▶ Your task:
What you produce should be the lines from the line containing "this 604×453 image." through the last line below, both ends included, reproduced exactly and without pictures.

▶ Data extract:
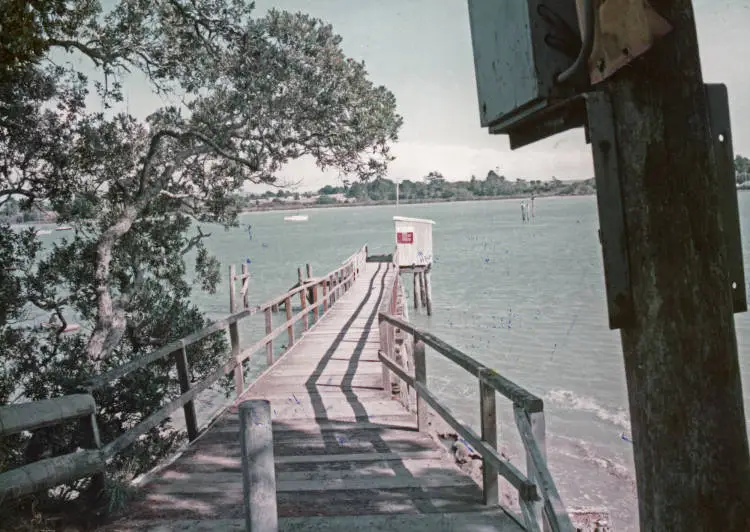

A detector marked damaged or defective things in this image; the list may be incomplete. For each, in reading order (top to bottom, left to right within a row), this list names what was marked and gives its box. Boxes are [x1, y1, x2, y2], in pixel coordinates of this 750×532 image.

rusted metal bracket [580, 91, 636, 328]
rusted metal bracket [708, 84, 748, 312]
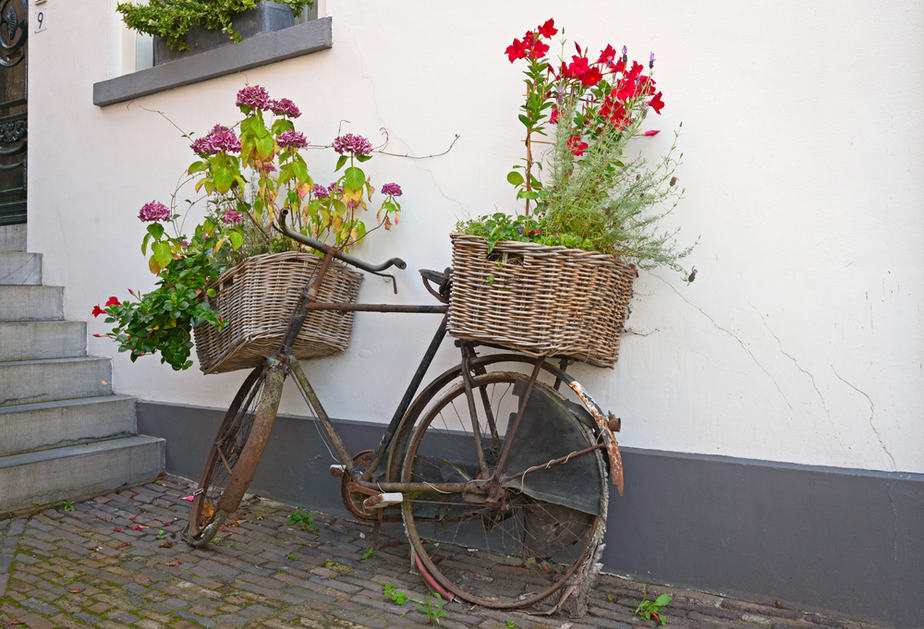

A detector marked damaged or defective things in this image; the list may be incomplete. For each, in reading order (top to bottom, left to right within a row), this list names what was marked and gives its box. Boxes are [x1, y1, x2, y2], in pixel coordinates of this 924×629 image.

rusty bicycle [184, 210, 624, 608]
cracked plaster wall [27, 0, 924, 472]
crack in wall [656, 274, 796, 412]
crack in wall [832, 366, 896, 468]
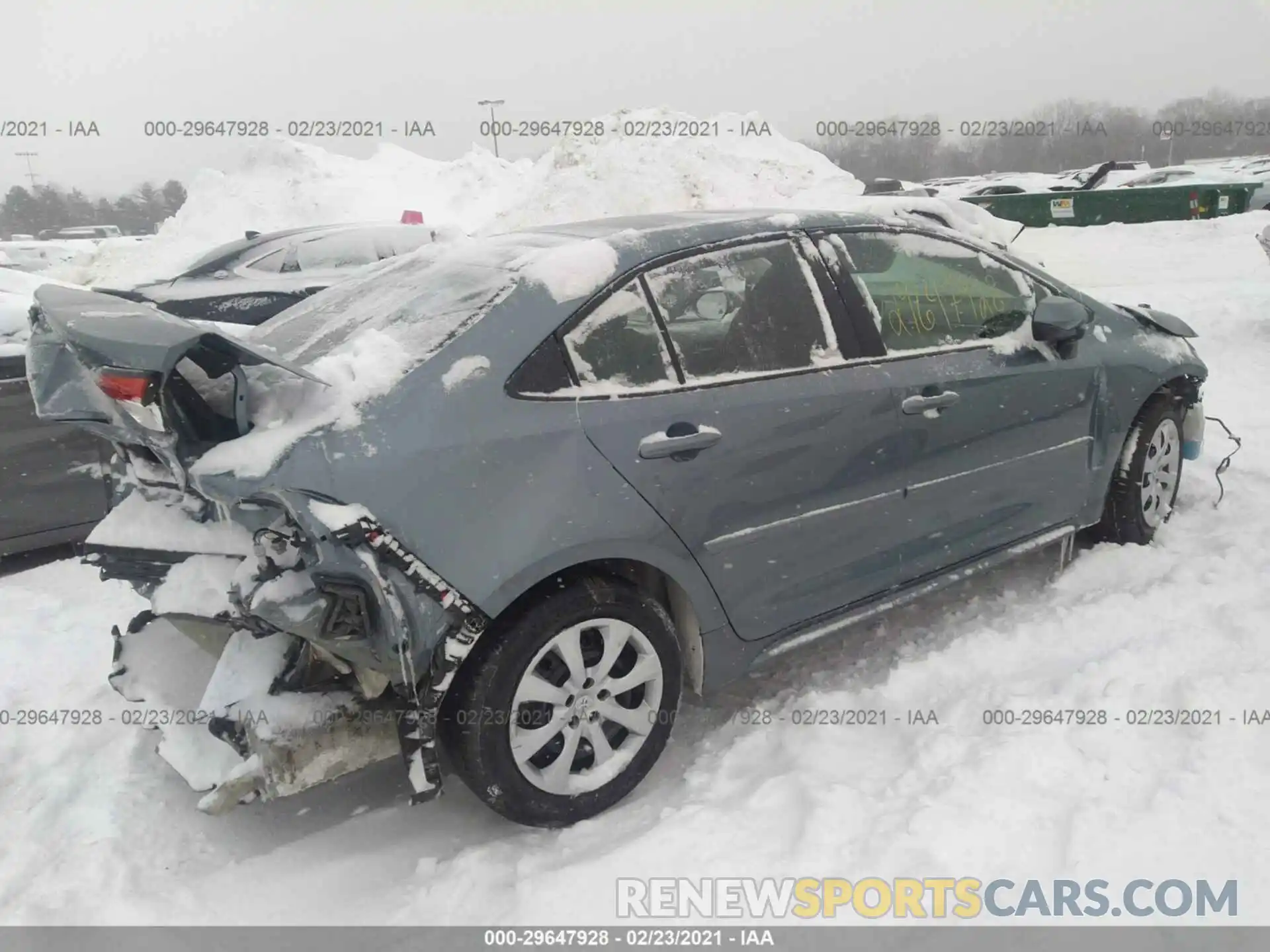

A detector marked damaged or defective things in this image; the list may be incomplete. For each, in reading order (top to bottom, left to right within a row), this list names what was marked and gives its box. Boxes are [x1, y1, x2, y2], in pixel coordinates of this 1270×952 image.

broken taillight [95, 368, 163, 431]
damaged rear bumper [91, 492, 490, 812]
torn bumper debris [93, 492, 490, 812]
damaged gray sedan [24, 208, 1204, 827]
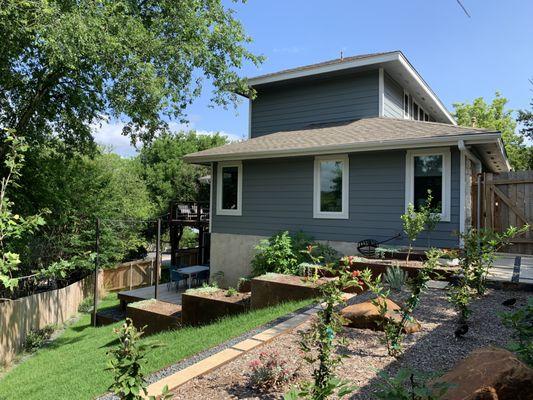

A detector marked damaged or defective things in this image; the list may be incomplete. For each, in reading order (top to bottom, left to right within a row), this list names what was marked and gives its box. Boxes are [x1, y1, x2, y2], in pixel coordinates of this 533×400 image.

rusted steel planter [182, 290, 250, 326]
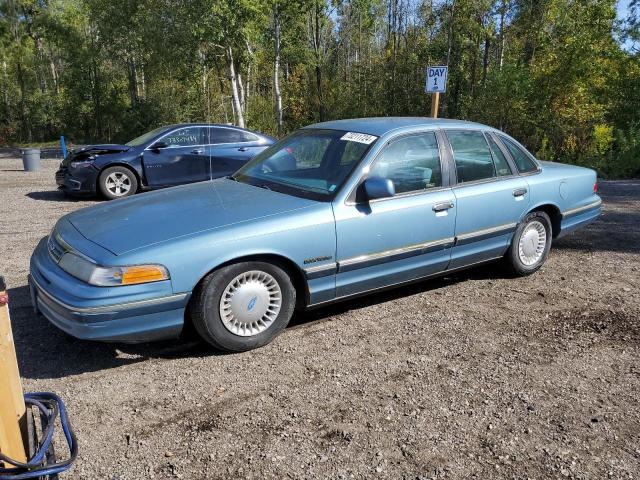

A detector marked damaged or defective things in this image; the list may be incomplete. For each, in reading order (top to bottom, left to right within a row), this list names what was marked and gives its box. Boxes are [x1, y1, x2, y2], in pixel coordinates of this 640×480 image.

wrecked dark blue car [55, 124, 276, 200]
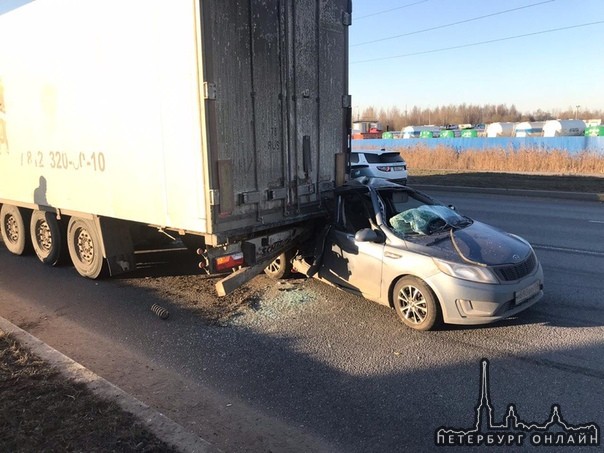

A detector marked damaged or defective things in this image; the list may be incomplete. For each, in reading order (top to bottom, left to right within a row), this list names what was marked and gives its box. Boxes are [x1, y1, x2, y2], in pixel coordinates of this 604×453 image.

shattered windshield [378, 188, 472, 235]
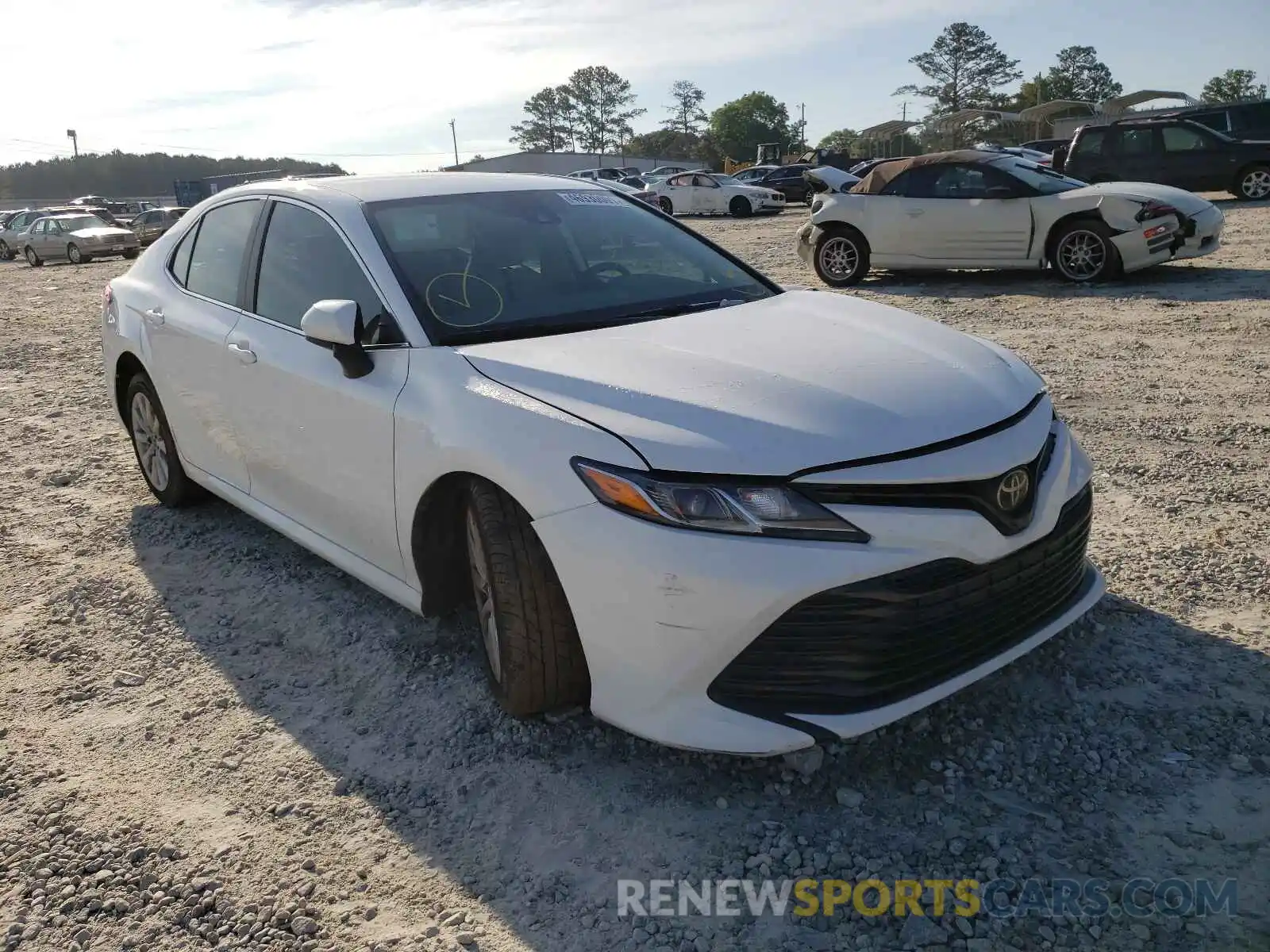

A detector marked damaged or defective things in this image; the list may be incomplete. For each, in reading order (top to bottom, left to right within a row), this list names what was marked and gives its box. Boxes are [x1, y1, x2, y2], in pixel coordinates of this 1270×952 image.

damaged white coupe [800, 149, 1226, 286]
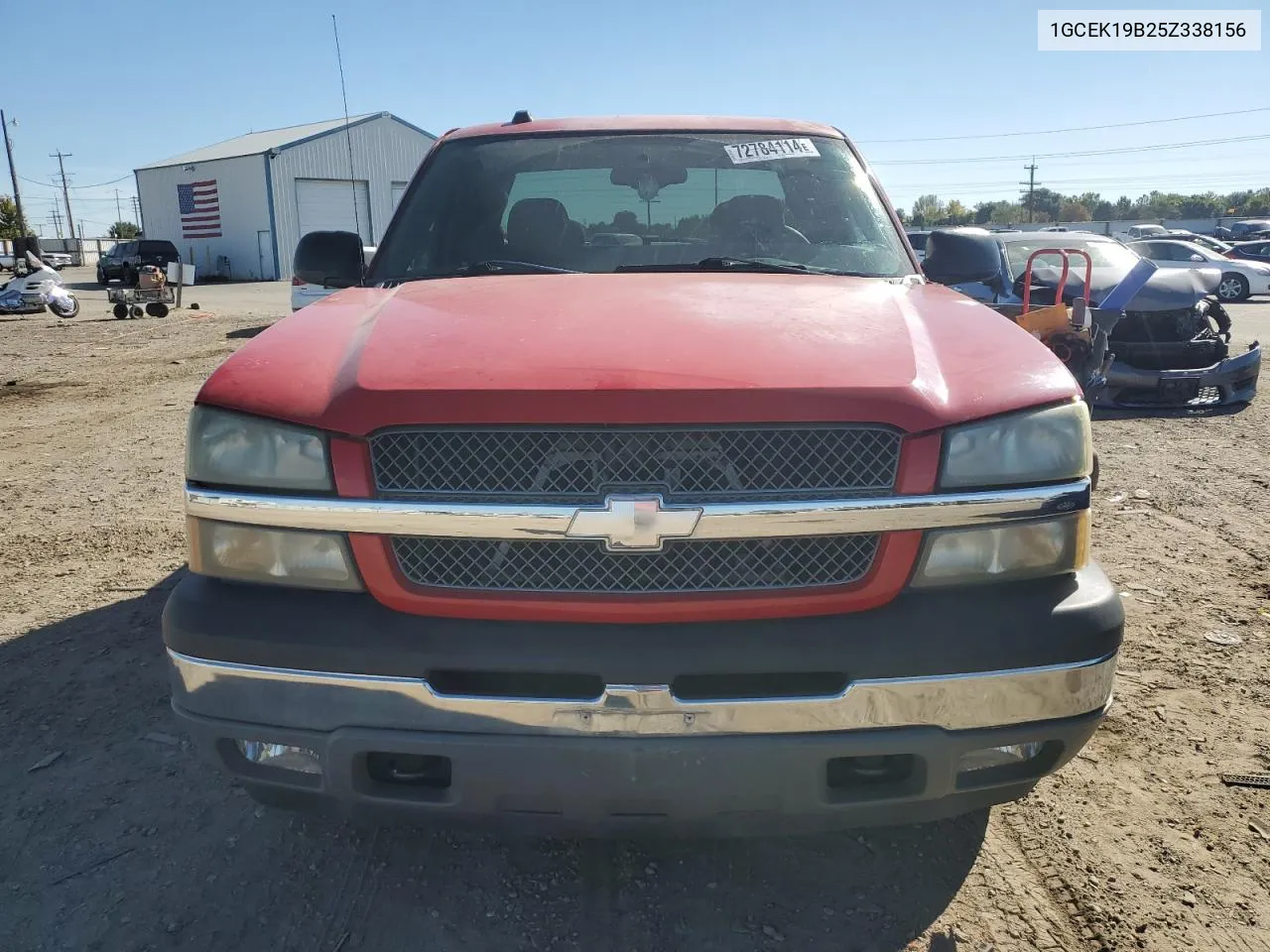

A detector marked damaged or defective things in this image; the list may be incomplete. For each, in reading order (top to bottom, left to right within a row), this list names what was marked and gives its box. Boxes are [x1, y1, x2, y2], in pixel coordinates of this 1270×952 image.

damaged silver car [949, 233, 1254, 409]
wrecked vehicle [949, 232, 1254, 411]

▶ Problem solution:
A detector marked damaged or defective things in this image; the list may be incomplete. For each, in reading order (top to bottom, left to right within a row), this list names what was marked and gives its box. Boxes are [x1, y1, x2, y2], in pixel coordinates of this 604×453 image.

shattered windshield [378, 188, 472, 235]

A detector marked damaged or defective things in this image; the list may be incomplete. For each, in reading order (top to bottom, left to right within a row), this list names what was marked and gives its box. Boxes are [x1, y1, x2, y2], in pixel coordinates of this 1270×952 image.

damaged white coupe [800, 149, 1226, 286]

A detector marked damaged or defective things in this image; the list may be incomplete. For each, in reading order (top to bottom, left to right within a row), this list names what was marked and gives its box. Boxes are [x1, y1, x2, y2], in pixel coordinates of this 1270×952 image.

damaged silver car [949, 233, 1254, 409]
wrecked vehicle [949, 232, 1254, 411]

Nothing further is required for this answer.